Les ouvrières font face à des heures supplémentaires abusives, parfois forcées et non-payées, à des déductions sur leur salaire et à de nombreuses violences basées sur le genre. Malgré des journées pouvant dépasser les 12 heures, 6 à 7 jours par semaine, elles ont du mal à joindre les deux bouts. Selon les pays, elles sont payées 2 à 5 fois moins que nécessaire pour subvenir à leurs besoins2.

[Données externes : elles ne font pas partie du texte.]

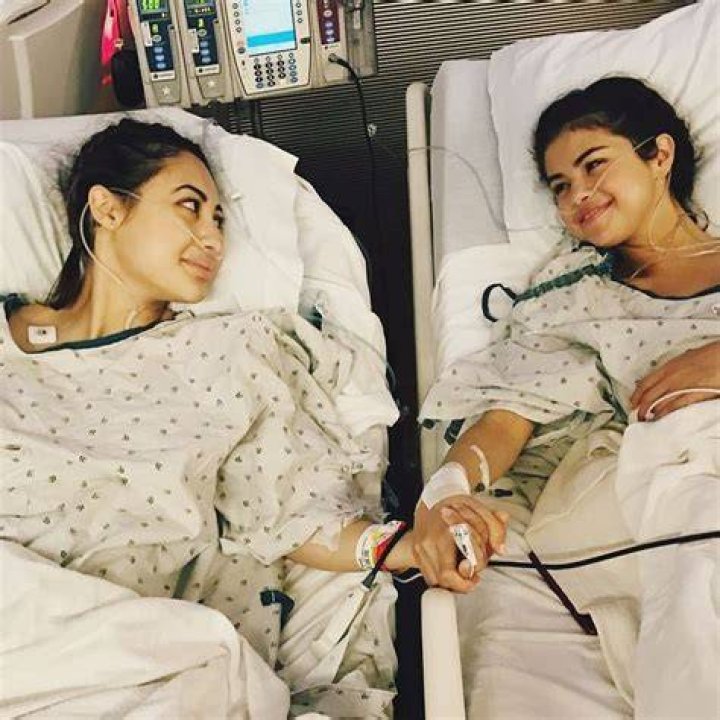 
Selena Gomez slammed for drinking alcohol after kidney transplant, breaking friendship with Francia Rasia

Loin de l’image des rangs d’ouvrières dans les usines où sont fabriqués la majorité de nos vêtements, une autre réalité nous est souvent inconnue. Qui sait que la broderie de son t-shirt préféré a été cousue par une femme chez elle, travaillant sans contrat ni protection sociale ? Pourtant, en Asie du Sud, elles sont 50 millions à travailler à domicile dans le textile3.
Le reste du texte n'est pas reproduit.